The Prey, 1983.
Directed by Edwin Scott Brown.
Starring Debbie Thureson, Steve Bond, Lori Lethin, Jackie Coogan, Carel Struycken, and Gayle Gannes.
Six campers head off into the woods where they are stalked by a deformed killer.
It doesn’t take a seasoned horror movie veteran to tell you that the old ‘teenagers stalked in the woods/camp/abandoned building’ storyline has been done to death(!) and already quite definitively so a filmmaker approaching that genre will need to find a fresh angle to tell that story; after all, it isn’t the material but what you do with it, right?
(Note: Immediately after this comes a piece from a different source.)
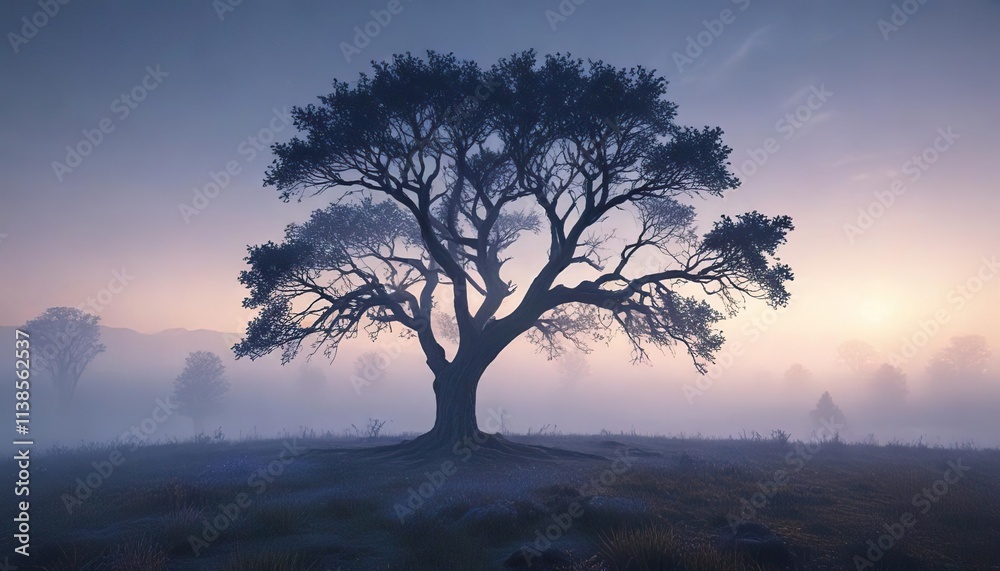 Softly glowing blue mist surrounds a lone tree on a misty morning, leaves, nature Softly glowing blue mist surrounds a lone tree on a misty morning, leaves, nature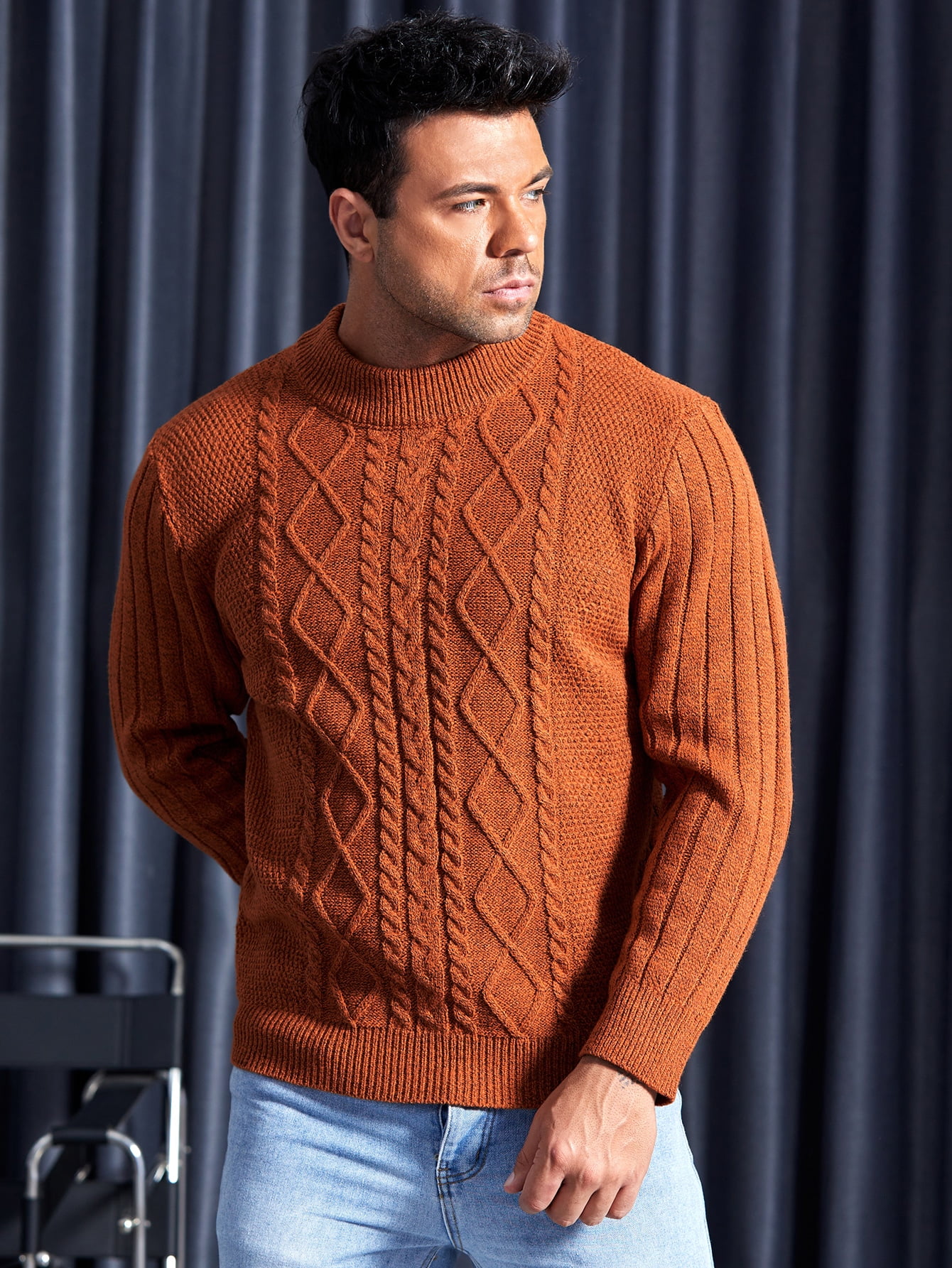 rust mock neck sweater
And then a film like The Prey comes along and hammers the point like Jason Voorhees in a tool shed, which is quite a feat considering this movie draws heavily from Friday the 13th, The Burning and Just Before Dawn, and although it was originally released before A Nightmare on Elm Street reinvigorated the slasher genre it did come out in the same year as Sleepaway Camp, a movie that is, on a production level, a lot sloppier but at least it brought something different to the campfire.
The synopsis at the top of this page pretty much nails exactly what this film is about and for a movie that is over 100 minutes long in its longest form there are a hell of a lot of needlessly long and drawn out scenes with not a lot happening, accentuated by actors that are so nondescript and bland that it is hard to tell if they are delivering their lines at half speed to stretch things out or whether they really are that bad. The main gist is that three couples go camping in the Rocky Mountains and are stalked by a killer who we learn is the child of a family of gypsies who were murdered after one of their number slept with a local woman and her husband took revenge by burning their camp down, killing everyone except the youngster who got badly burned.
Much like Jason in Friday the 13th, how he grew up and became self-sufficient living in the woods remains a mystery but director/co-writer Edwin Scott Brown isn’t concerned with such details as once we know the backstory of how the killer came to be – which takes up the bulk of the first hour of the film in a Waltons-like flashback – the film just sort of plods along as the six young potential victims do what campers do and observe the local wildlife, helpfully inserted into the film using quite a bit of stock footage.
But then something strange happens and for its final 10 minutes The Prey suddenly becomes the movie it was supposed to be all along. The killer fully emerges and takes the first of his victims before dispatching the others in fairly quick succession and in brutal fashion, showing off some gnarly gore effects thanks to the late John Cark Buechler (Friday the 13th Part VII: The New Blood), before delivering a final blow in an ending that says more about the character of the killer than any amount of flashbacks or exposition ever could, and ends the movie on a bit of a shocker that doesn’t quite make up for the previous hour of tedium but lets you know that there is a half-decent idea in there somewhere, if only enough for a short but what an effective short it would be.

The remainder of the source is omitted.